* [Your instructions]:
Please return the lines below verbatim, beginning at the one that has "Floral High Neck Button Detail Top" and stopping after the one that has "Christmas Reindeer Adapted", and add no other lines.

* [Provided entries]:
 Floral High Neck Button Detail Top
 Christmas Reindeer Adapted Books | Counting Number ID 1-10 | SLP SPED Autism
--
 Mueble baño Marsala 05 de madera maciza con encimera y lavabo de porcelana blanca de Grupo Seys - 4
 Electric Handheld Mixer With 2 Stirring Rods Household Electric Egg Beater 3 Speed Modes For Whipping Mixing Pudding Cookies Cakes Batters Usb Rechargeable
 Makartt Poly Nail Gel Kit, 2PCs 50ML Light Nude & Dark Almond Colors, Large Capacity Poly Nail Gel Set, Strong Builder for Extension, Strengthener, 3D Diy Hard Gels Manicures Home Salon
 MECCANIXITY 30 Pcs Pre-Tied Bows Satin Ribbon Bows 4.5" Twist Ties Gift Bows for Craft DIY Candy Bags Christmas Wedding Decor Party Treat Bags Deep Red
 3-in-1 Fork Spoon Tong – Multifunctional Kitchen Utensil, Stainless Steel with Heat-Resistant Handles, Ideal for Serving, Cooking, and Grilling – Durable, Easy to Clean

* [Response to the task]:
 Floral High Neck Button Detail Top
 Christmas Reindeer Adapted Books | Counting Number ID 1-10 | SLP SPED Autism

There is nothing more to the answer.